* **Exercise prompt**: With the exception of the pictures, transcribe the entire listing exactly.
-- Dataset section follows --
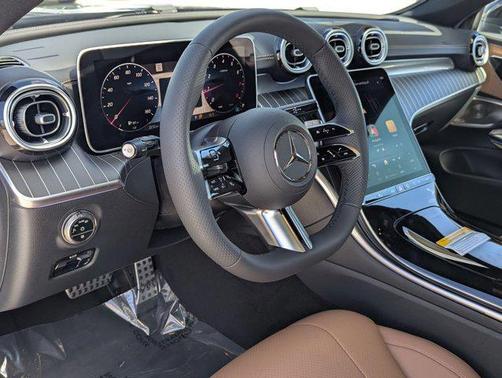 2026 Mercedes-Benz CLE 300 4MATIC Coupe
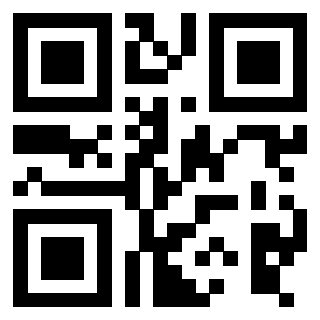 Il QrCode di 3916091118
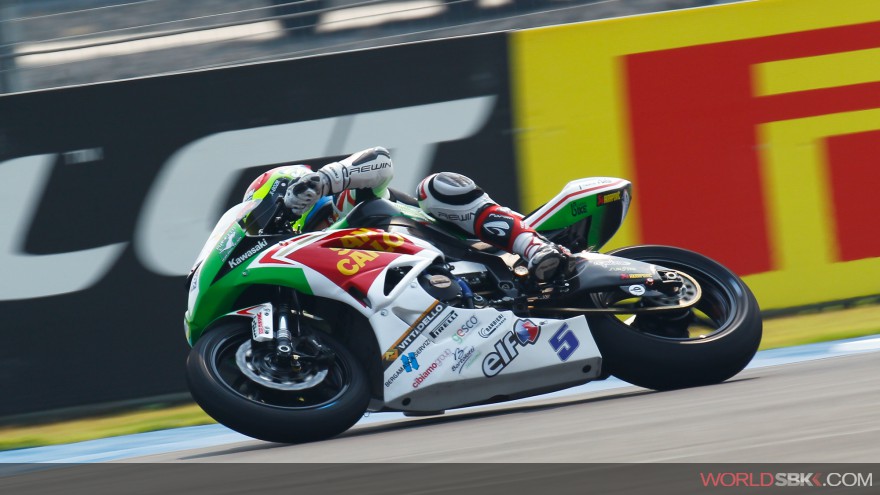 Marco Faccani, San Carlo Puccetti Racing, Chang FP2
-- Dataset section concluded --
* **Task output**:
 2026 Mercedes-Benz CLE 300 4MATIC Coupe
 Il QrCode di 3916091118
 Marco Faccani, San Carlo Puccetti Racing, Chang FP2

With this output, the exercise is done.